VoiceOver: Der in alle Apple-Betriebssysteme (macOS, iOS) integrierte Screenreader.

TalkBack: Der integrierte Screenreader für Android.

Automatisierte Test-Tools und Browser-Erweiterungen

Diese Tools scannen eine Webseite und heben potenzielle Barrierefreiheitsprobleme hervor.

WAVE (Web Accessibility Evaluation Tool): Entwickelt von WebAIM, ist dies eines der beliebtesten kostenlosen Tools. Es injiziert Symbole direkt in die Webseite, um Fehler, Kontrastprobleme und ARIA-Attribute visuell darzustellen.

axe DevTools von Deque: Eine leistungsstarke Browser-Erweiterung, die Entwickler direkt in den Entwicklertools des Browsers nutzen können. Sie findet viele Fehler automatisch und gibt klare Anleitungen zur Behebung.

Google Lighthouse: In den Chrome DevTools integriert, bietet Lighthouse einen grundlegenden Accessibility-Audit.

Spezialisierte Prüf-Tools

Colour Contrast Analyser: Ein unverzichtbares Werkzeug (als App oder Web-Tool verfügbar), um sicherzustellen, dass die Kontrastverhältnisse zwischen Text- und Hintergrundfarben den WCAG-Anforderungen entsprechen (mindestens 4.5:1 für normalen Text auf Stufe AA).

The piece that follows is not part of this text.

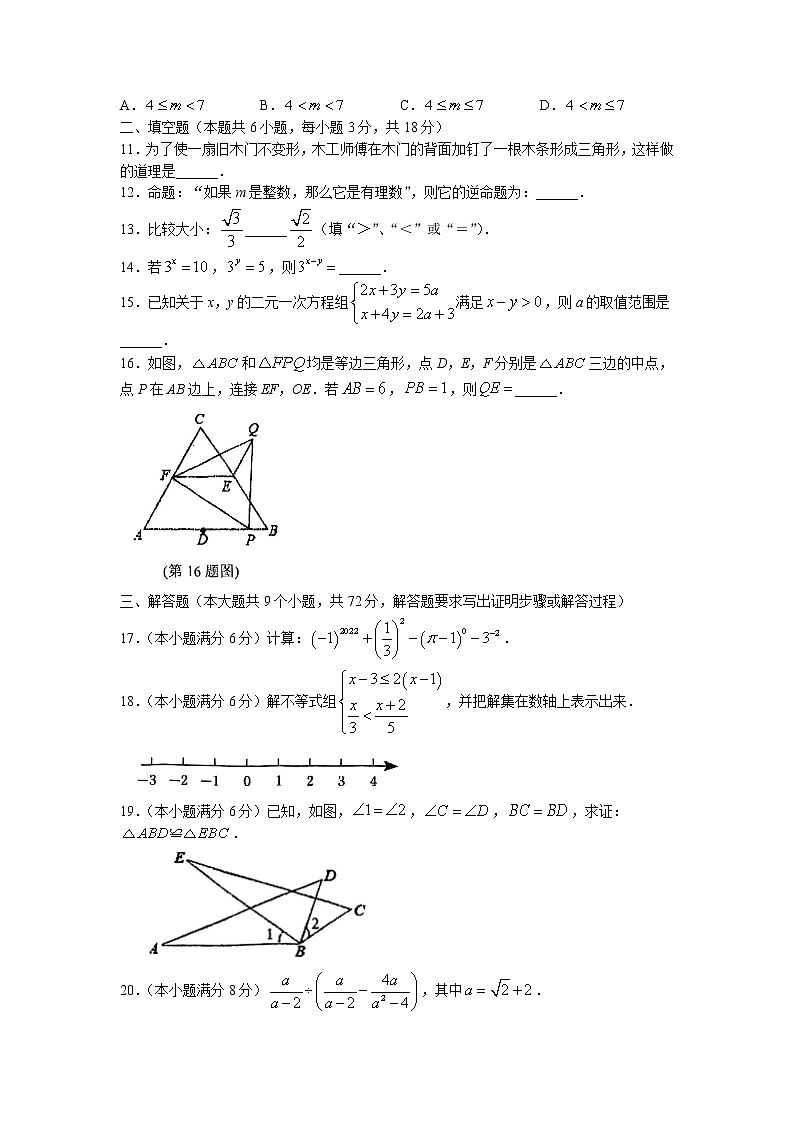 湖南省永州市祁阳市2022-2023学年八年级上学期期末数学试卷+02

PDF Accessibility Checker (PAC): Ein kostenloses Tool der PDF/UA Foundation, das PDF-Dokumente auf Konformität mit dem PDF/UA-Standard prüft. Es ist das Standardwerkzeug zur Validierung von barrierefreien PDFs.

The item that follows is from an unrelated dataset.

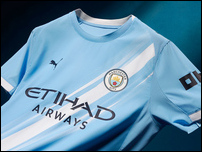 ����� �������� ����� ��������� ���� �� ����� 2025/26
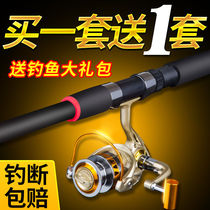 Special price Sea Pole set sea fishing rod carbon long-range super hard combination full set of throwing Rod sea pole sling rod sling Rod clearance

Ressourcen und Anleitungen

Diese Webseiten und Dokumente bieten vertiefende Informationen, Tutorials und praktische Checklisten.

W3C WAI (Web Accessibility Initiative) Resources

Die WAI-Website ist die primäre Quelle für alle offiziellen Dokumente, Erklärungen und Tutorials rund um Web-Barrierefreiheit.

How to Meet WCAG (Quick Reference): Ein filterbares Nachschlagewerk, das alle WCAG-Erfolgskriterien mit detaillierten Erklärungen und Techniken zur Umsetzung auflistet. Ein absolutes Muss für jeden, der sich mit dem Thema beschäftigt.

Accessibility Developer Guide

Der Accessibility Developer Guide von MDN (Mozilla Developer Network) ist eine hervorragende, praxisorientierte Ressource, die Entwicklern konkrete Code-Beispiele und Anleitungen bietet, um barrierefreie Komponenten und Webseiten zu erstellen.

WebAIM (Web Accessibility in Mind)

WebAIM ist eine der führenden Organisationen im Bereich der digitalen Barerefreiheit. Ihre Webseite bietet eine Fülle von Artikeln, Tutorials, Umfragen (z.B. zur Screenreader-Nutzung) und das bereits erwähnte WAVE-Tool.

Accessibility Checkliste (a11y.digitaldialog.swiss)

Diese von der Stiftung "Zugang für alle" entwickelte, praxisorientierte Checkliste ist speziell auf die Schweiz ausgerichtet. Sie übersetzt die WCAG-Kriterien in verständliche und überprüfbare Checkpunkte und ist ein hervorragendes Werkzeug für Audits und Qualitätssicherung. Zur Checkliste gibt es auch eine detaillierte Testspezifikation GitHub - Access4all/a11y-checklist, welche aber noch nicht integriert ist.